+++ DATA FOR PROCESSING

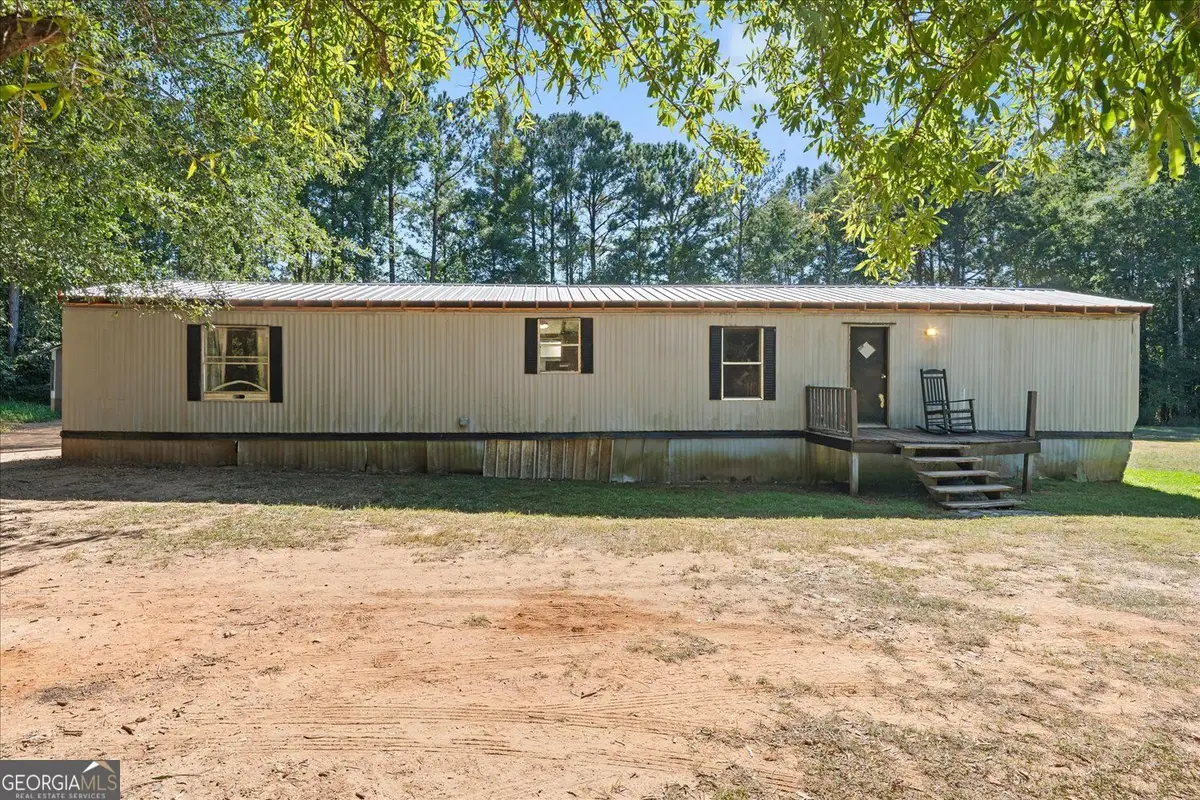 532 Sharon Road Ne, Crawfordville, GA 30631 - #1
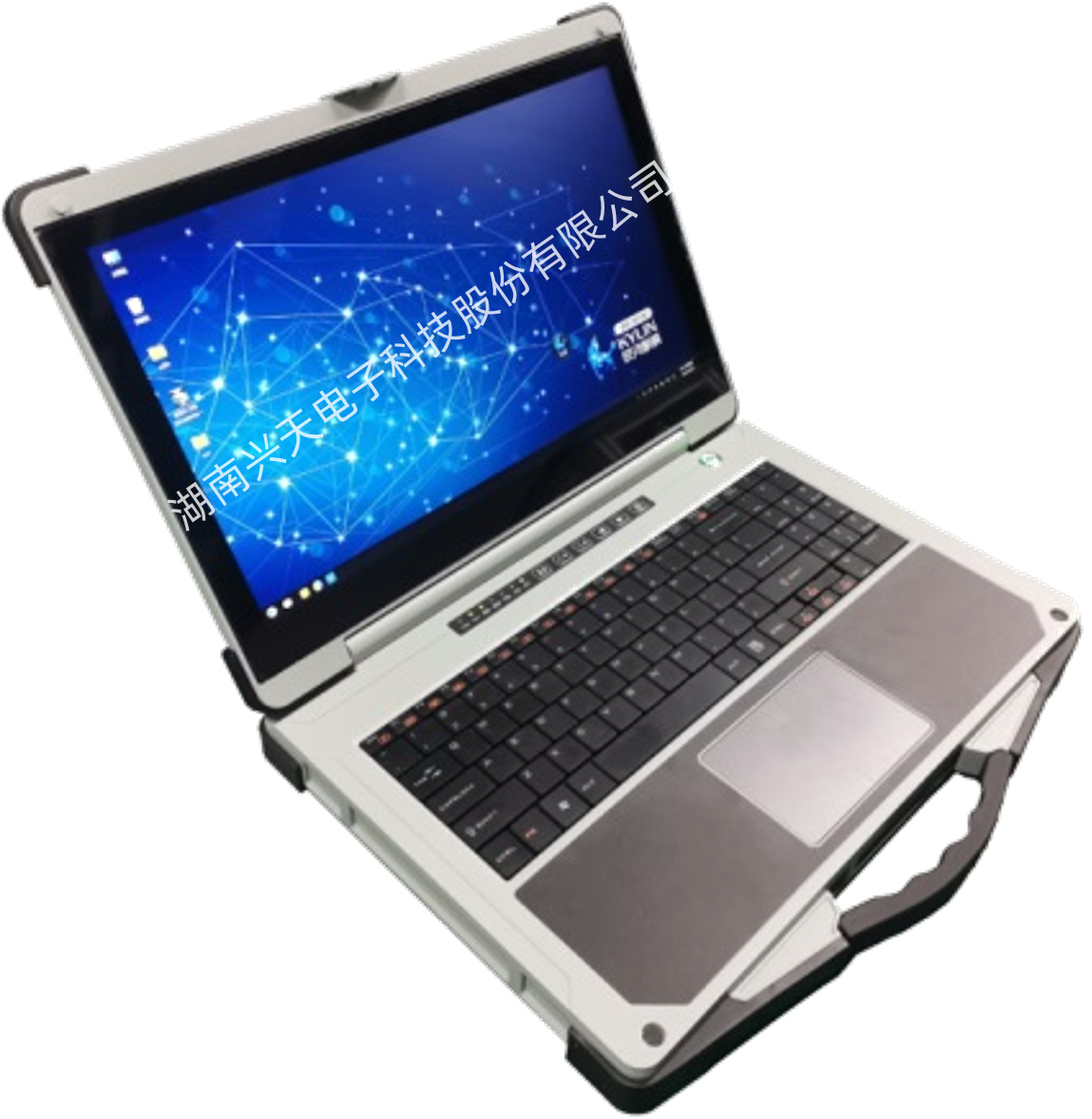 国产加固笔记本（龙芯）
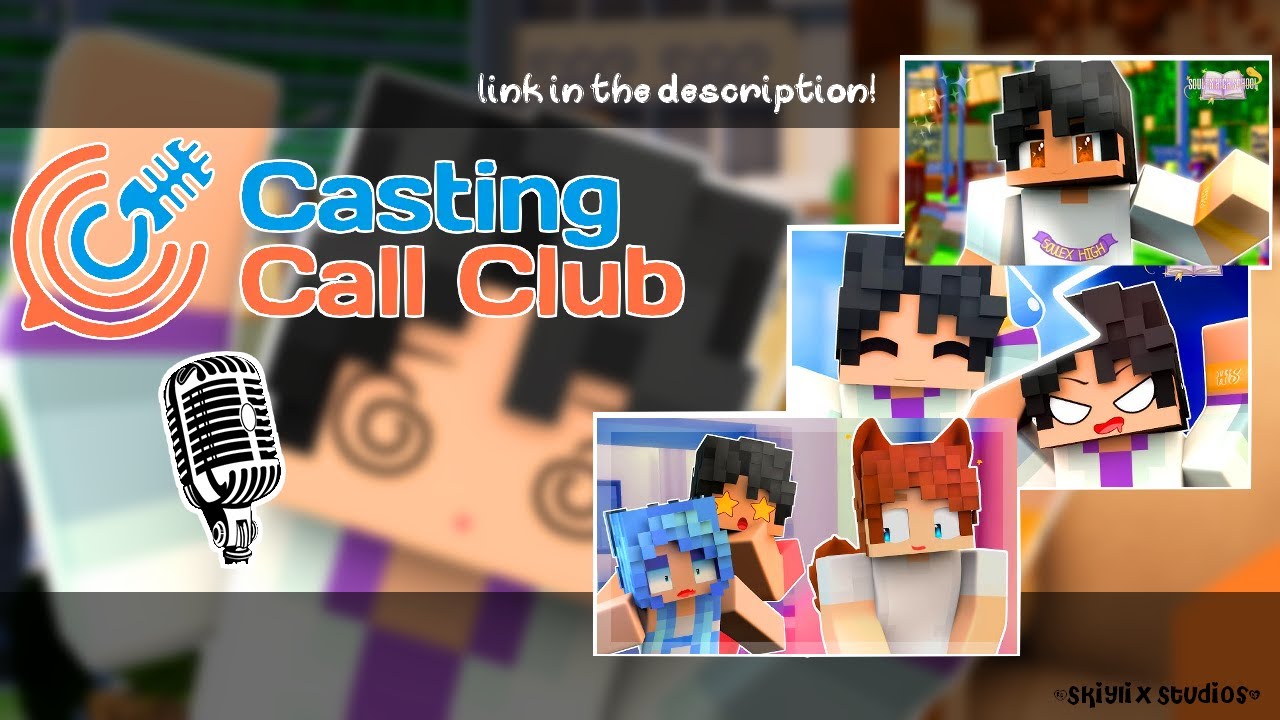 New Series Alert || MCTV Casting Call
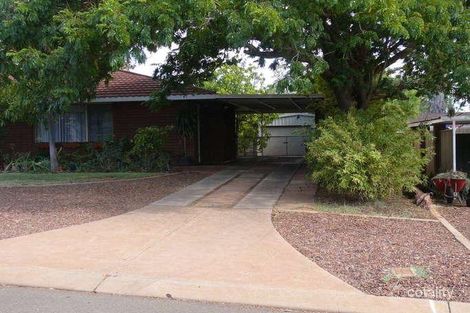 Property photo of 1063 Ceron Street Tom Price WA 6751
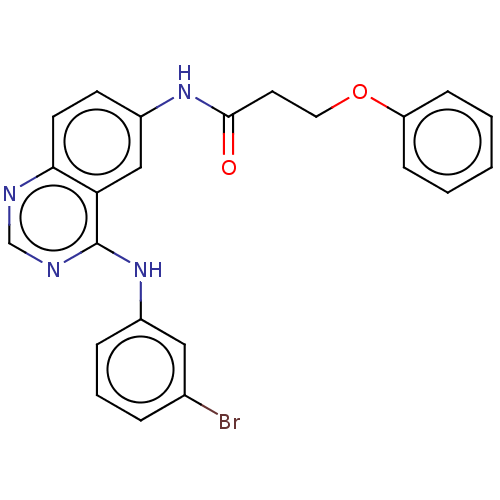 Chemical structure of BindingDB Monomer ID 50493386
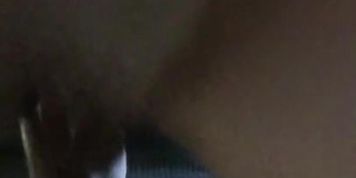 My neighbor fucked me so rough trying to cum fast before my husband arrive 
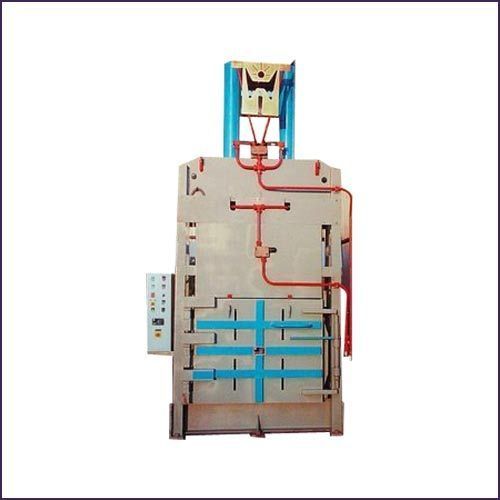 Hydraulic Bailing Press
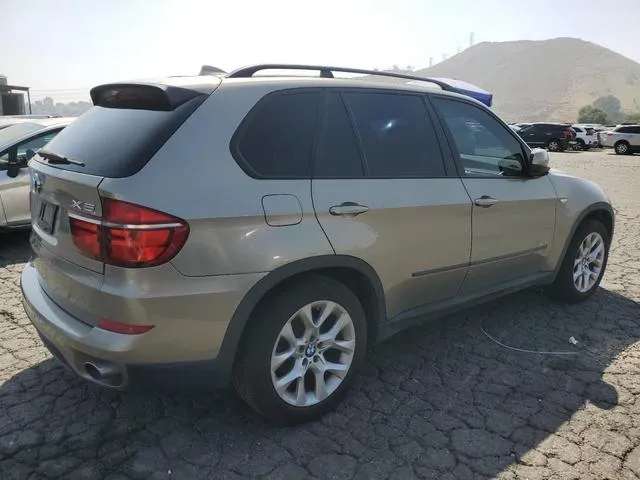 5UXZV4C5XBL402616 2011 2011 BMW X5- Xdrive35I 3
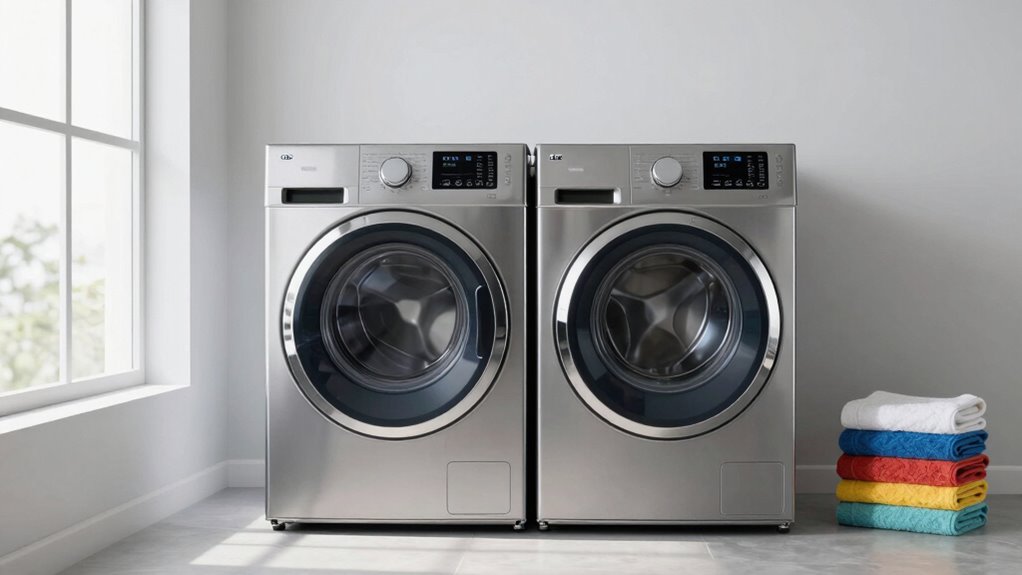 top laundry appliance picks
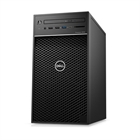 Máy tính trạm Dell Precision 3640 Tower CTO BASE - 42PT3640D01 - i510600/8G/1T/P620-2G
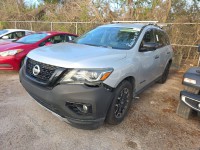 Image for 2019 Nissan Pathfinder S ID: 7345355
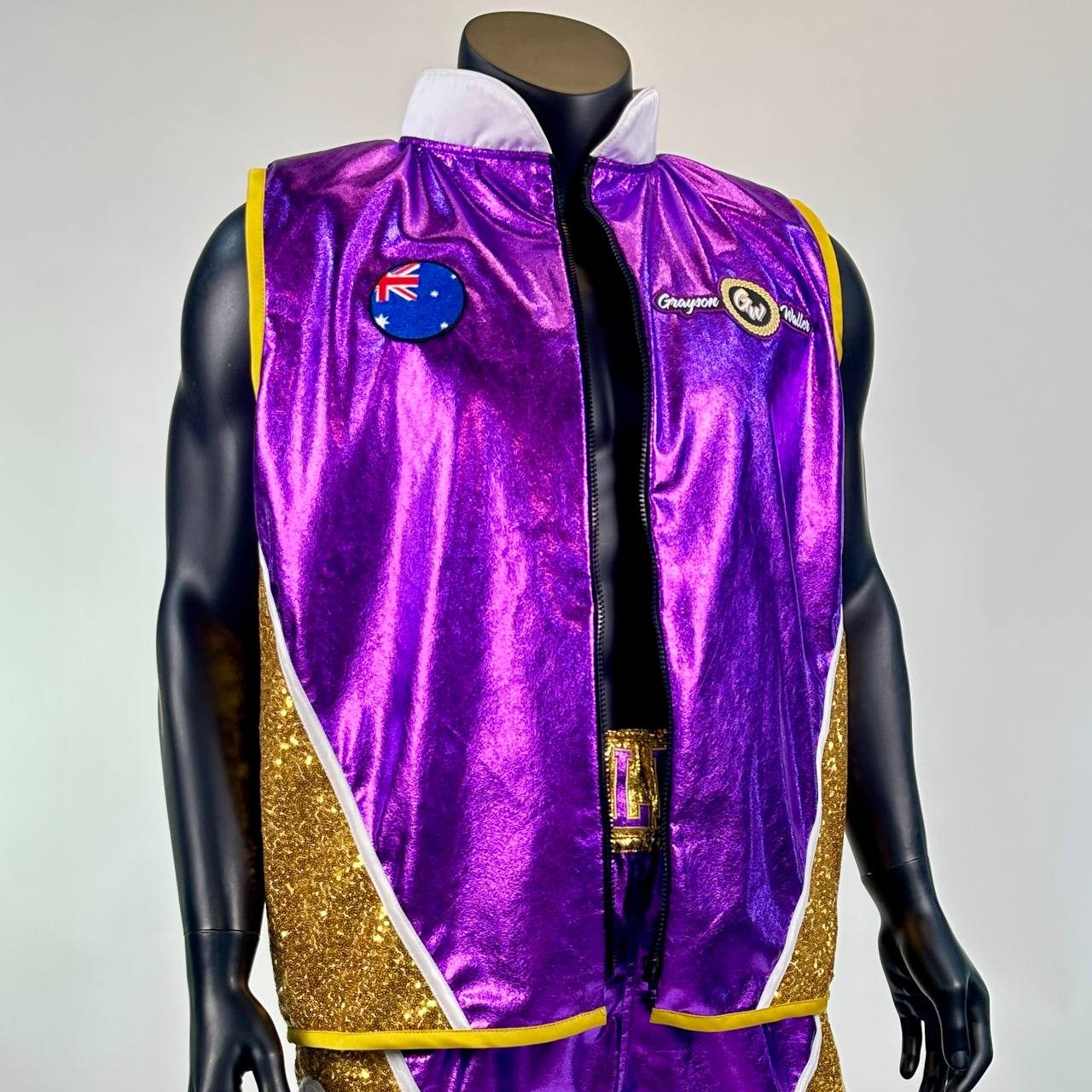 FLOYD Jacket Matt  149294 Jackets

++++++

In the records above, find the line that contains "top laundry appliance picks", then write it out along with every line after it, exactly, through the last one. Leave the pictures out.

ANSWER SECTION:
 top laundry appliance picks
 Máy tính trạm Dell Precision 3640 Tower CTO BASE - 42PT3640D01 - i510600/8G/1T/P620-2G
 Image for 2019 Nissan Pathfinder S ID: 7345355
 FLOYD Jacket Matt  149294 Jackets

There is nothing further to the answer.